Data shown:

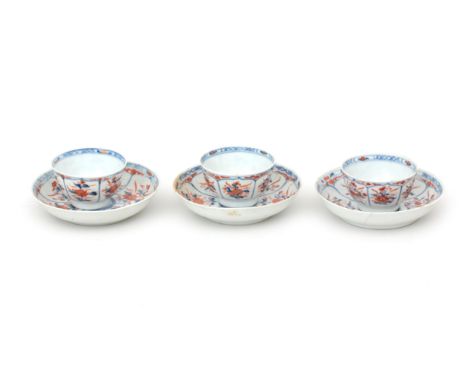  Three Chinese porcelaine Imari cups and saucers with flower decoration, Qianlong, second half 18th century. Crack in one sau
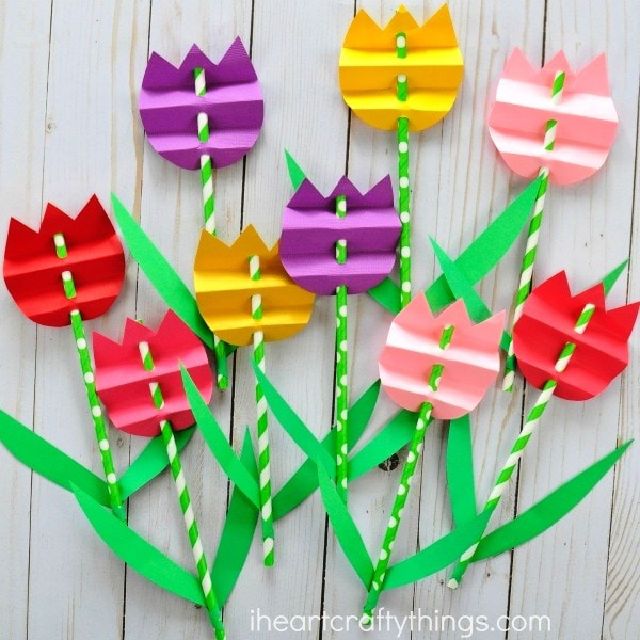 How to Make a Paper Straw Tulip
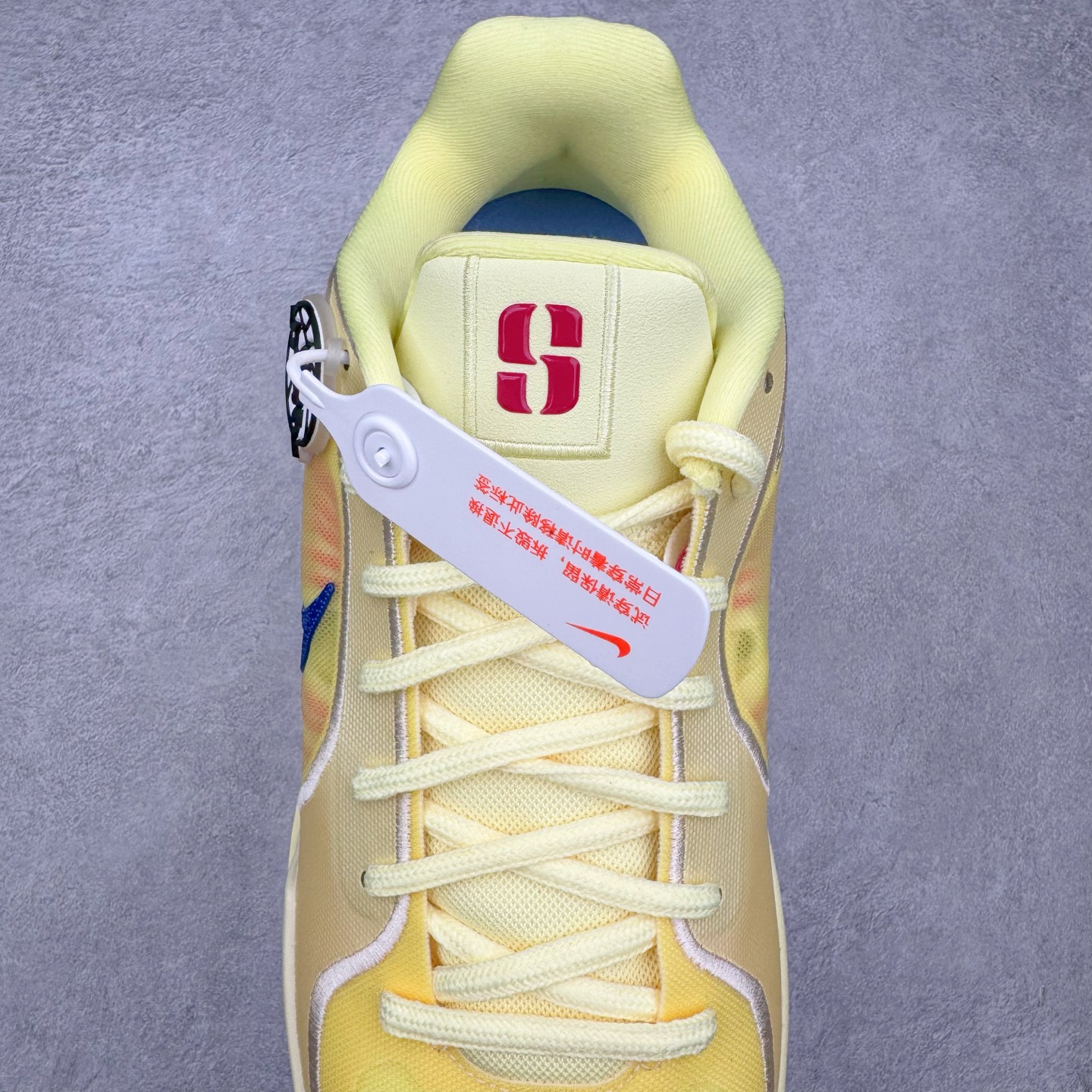 图片[5]-＃Max/灭世 NK Sabrina 2 萨布丽娜二代签名减震防滑低帮篮球鞋 黄色 FZ1517-800 革新登场🌪🔝颠覆革新出货‼️缓震配置独家革新！实战属性直接拉满👊🏻实战天花板上限再度提升！实战亲测-性能体验吊打国产同价位鞋款 ⚫️前掌扇形zoom➕增配中足抗扭片➕增配后掌马蹄ZOOM气垫（正品仅配置前掌扇形zoom） 完美解决 正品抗扭不足问题 ⚫️采用科比5代鞋楦以及龙骨数据打造！前后落差仅6mm！小科5实至名归！ ⚫️鞋身➕鞋头增配高频补强层，提升鞋头以及脚踝支撑性 ⚫️鞋垫采用高弹缓震垫材质-磨合一场直接贴合脚型☑️ ⚫️外底加厚2mm，升级止滑配方，磨合一次，抓地原地起飞 后卫旗舰有且只在灭世纯原（支持市场任意货品正面PK） 真材实料，肉眼可见！革新升级绝非空穴来风！灭世纯原内外兼修，用态度诠释最强实战货品👊🏻 尺码：39-46（尺码建议：标准亚洲楦 无需大半码）-选品中心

Your task: What is needed is an exact reproduction of the data, pictures excluded.

Answer below:
  Three Chinese porcelaine Imari cups and saucers with flower decoration, Qianlong, second half 18th century. Crack in one sau
 How to Make a Paper Straw Tulip
 图片[5]-＃Max/灭世 NK Sabrina 2 萨布丽娜二代签名减震防滑低帮篮球鞋 黄色 FZ1517-800 革新登场🌪🔝颠覆革新出货‼️缓震配置独家革新！实战属性直接拉满👊🏻实战天花板上限再度提升！实战亲测-性能体验吊打国产同价位鞋款 ⚫️前掌扇形zoom➕增配中足抗扭片➕增配后掌马蹄ZOOM气垫（正品仅配置前掌扇形zoom） 完美解决 正品抗扭不足问题 ⚫️采用科比5代鞋楦以及龙骨数据打造！前后落差仅6mm！小科5实至名归！ ⚫️鞋身➕鞋头增配高频补强层，提升鞋头以及脚踝支撑性 ⚫️鞋垫采用高弹缓震垫材质-磨合一场直接贴合脚型☑️ ⚫️外底加厚2mm，升级止滑配方，磨合一次，抓地原地起飞 后卫旗舰有且只在灭世纯原（支持市场任意货品正面PK） 真材实料，肉眼可见！革新升级绝非空穴来风！灭世纯原内外兼修，用态度诠释最强实战货品👊🏻 尺码：39-46（尺码建议：标准亚洲楦 无需大半码）-选品中心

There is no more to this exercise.